From the line containing "Argyle Pattern Cardigan" to the last line of the listing below, repeat every line exactly, and output nothing else.

══ DATA SECTION ══

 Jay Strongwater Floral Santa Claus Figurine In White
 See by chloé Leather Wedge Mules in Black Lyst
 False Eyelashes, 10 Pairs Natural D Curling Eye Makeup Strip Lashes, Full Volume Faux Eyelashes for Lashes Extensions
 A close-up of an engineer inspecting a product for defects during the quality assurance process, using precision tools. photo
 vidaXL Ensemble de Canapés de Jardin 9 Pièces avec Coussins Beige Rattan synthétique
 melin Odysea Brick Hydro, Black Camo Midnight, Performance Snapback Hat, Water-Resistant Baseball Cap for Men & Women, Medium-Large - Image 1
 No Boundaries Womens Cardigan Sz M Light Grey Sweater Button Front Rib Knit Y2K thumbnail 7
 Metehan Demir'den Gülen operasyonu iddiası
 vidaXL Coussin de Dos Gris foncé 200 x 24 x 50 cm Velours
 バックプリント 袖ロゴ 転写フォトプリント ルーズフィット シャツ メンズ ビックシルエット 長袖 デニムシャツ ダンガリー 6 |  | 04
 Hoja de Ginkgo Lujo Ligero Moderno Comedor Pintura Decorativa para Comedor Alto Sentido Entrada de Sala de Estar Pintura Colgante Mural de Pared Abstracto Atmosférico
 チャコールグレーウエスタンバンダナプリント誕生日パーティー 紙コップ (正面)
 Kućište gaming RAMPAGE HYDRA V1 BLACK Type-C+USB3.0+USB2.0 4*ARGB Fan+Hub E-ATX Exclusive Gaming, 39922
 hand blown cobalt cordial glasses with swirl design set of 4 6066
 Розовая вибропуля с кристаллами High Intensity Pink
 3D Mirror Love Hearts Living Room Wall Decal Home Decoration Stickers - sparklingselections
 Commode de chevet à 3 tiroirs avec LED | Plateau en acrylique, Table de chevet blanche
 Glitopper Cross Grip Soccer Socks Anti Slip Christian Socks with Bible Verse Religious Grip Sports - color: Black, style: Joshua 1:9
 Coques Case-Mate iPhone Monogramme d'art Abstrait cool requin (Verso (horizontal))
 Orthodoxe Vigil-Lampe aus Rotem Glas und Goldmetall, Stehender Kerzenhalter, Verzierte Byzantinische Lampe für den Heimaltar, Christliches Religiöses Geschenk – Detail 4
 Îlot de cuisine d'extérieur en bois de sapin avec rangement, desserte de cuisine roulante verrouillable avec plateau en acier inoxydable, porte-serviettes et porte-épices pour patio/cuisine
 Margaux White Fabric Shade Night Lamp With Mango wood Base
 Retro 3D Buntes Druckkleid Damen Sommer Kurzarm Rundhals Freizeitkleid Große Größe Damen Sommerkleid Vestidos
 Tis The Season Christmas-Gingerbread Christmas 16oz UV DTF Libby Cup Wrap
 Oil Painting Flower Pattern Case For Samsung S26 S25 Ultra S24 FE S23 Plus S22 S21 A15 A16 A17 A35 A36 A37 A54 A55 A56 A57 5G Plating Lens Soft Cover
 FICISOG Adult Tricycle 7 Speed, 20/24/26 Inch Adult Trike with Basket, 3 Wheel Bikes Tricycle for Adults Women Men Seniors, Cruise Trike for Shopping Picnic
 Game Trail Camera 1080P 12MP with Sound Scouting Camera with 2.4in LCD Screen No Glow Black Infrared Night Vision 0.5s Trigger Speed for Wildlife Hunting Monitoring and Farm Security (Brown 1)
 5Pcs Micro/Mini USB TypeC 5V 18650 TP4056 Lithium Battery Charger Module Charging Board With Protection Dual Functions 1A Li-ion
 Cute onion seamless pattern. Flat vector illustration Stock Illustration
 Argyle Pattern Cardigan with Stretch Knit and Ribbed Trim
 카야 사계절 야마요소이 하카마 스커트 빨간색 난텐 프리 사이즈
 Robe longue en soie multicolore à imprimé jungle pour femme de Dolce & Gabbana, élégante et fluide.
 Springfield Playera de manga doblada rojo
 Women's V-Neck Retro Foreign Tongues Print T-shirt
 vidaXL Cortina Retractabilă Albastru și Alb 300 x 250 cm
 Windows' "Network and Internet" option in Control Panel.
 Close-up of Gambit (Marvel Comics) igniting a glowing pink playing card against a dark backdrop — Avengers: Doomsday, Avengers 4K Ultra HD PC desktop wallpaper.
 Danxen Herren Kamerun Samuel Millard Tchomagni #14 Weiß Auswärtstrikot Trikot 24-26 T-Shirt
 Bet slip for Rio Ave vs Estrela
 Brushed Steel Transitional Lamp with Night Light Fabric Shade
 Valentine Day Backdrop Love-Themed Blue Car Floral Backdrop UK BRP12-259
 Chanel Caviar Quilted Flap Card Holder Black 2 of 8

═══

→ **RESULT**:
 Argyle Pattern Cardigan with Stretch Knit and Ribbed Trim
 카야 사계절 야마요소이 하카마 스커트 빨간색 난텐 프리 사이즈
 Robe longue en soie multicolore à imprimé jungle pour femme de Dolce & Gabbana, élégante et fluide.
 Springfield Playera de manga doblada rojo
 Women's V-Neck Retro Foreign Tongues Print T-shirt
 vidaXL Cortina Retractabilă Albastru și Alb 300 x 250 cm
 Windows' "Network and Internet" option in Control Panel.
 Close-up of Gambit (Marvel Comics) igniting a glowing pink playing card against a dark backdrop — Avengers: Doomsday, Avengers 4K Ultra HD PC desktop wallpaper.
 Danxen Herren Kamerun Samuel Millard Tchomagni #14 Weiß Auswärtstrikot Trikot 24-26 T-Shirt
 Bet slip for Rio Ave vs Estrela
 Brushed Steel Transitional Lamp with Night Light Fabric Shade
 Valentine Day Backdrop Love-Themed Blue Car Floral Backdrop UK BRP12-259
 Chanel Caviar Quilted Flap Card Holder Black 2 of 8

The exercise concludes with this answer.